What’s the Economy for Anyway?

January 7th, 2016

Whats the Economy for anyway?  The news is saturated with coverage and commentary about the economy.   Is it recovering? Is it growing? Where’s it heading? But, rarely, rarely does anyone ask the most important question – what’s the economy for anyway? What is it supposed to do for us?

In a very important and readable book titled exactly that, What’s the Economy for Anyway?, my colleagues John de Graaf and David Batker do an excellent job leading readers through some truly important questions.

Is the current economic system making most of us more secure? Just consider that the top 3 percent of uber-wealthy Americans now hold over double the wealth of America’s poorest 90 percent of families. Middle class household wealth has been mostly stagnant for thirty years, comparable today to early 1990 levels.

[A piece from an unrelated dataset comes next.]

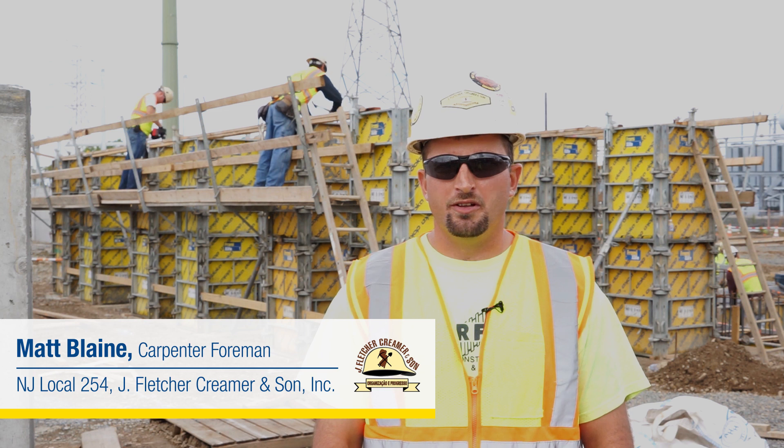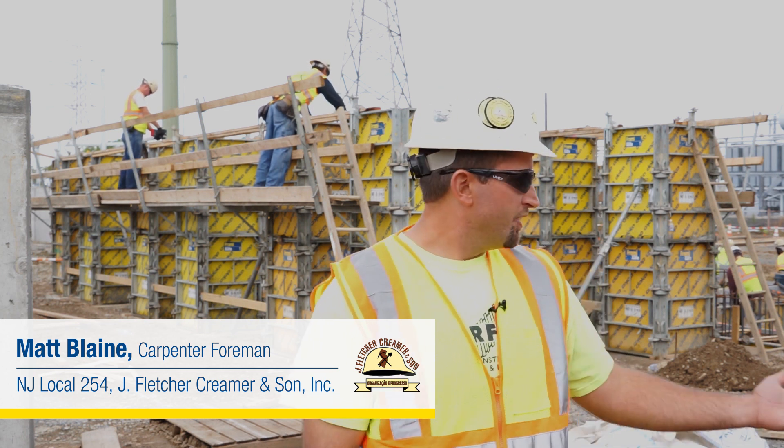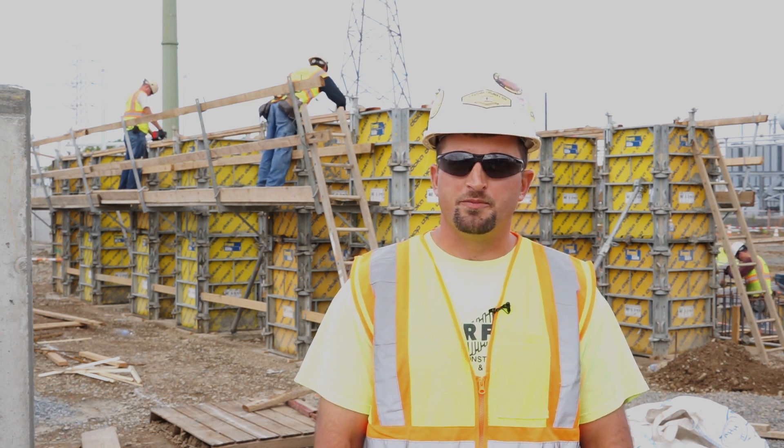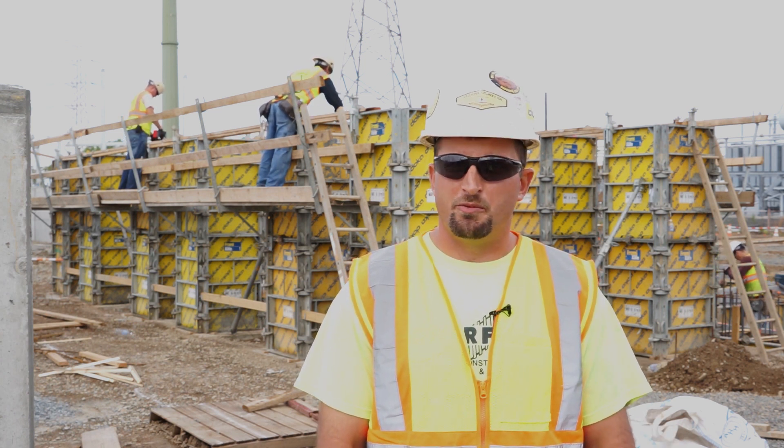Hi, I'm Matt Blain. I'm a carpenter foreman with New Jersey Local 254. I'm here on a project at an electrical substation and we are using Doka Frami for them. So we're going to talk a little bit about what we're doing here.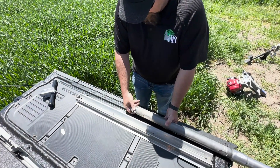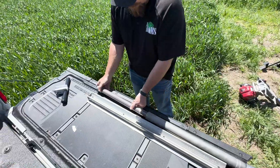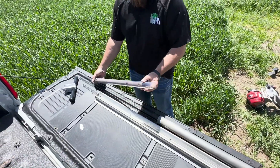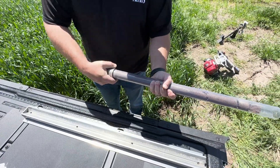Now let's retrieve our liner. Once the liner is retrieved, place the liner in the splitting tray.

Is the current system making us healthier? Well, Americans spend significantly more per capita on health care than any other industrialized country but our overall levels of health are only very slightly better than people living in high poverty Cuba. The US spends over $9,000 per person each year on health care. Cuba spends around $500.  And yet Cuba has a lower infant mortality rate and a slightly longer life expectancy than the United States.

Is the current system setting our kids up for opportunity and wellbeing? The current form of global capitalism requires continuous growth in consumption of natural resources. As a result we are currently using up clean air, clean water, soil, fish and wild animals about 50% faster than the Earth can replenish itself. It’s going to be hard to be prosperous and well on a depleted, unhealthy planet.

These questions aren’t just about future conditions. Ask yourself, “Is the current economy making you happy?” This may seem a trivial question but it’s pretty fundamental to our human existence. Time and again Americans report working too much, struggling with debt, and lacking enough time for leisure and family. Time and again, we report being highly stressed by and dissatisfied with the daily grind.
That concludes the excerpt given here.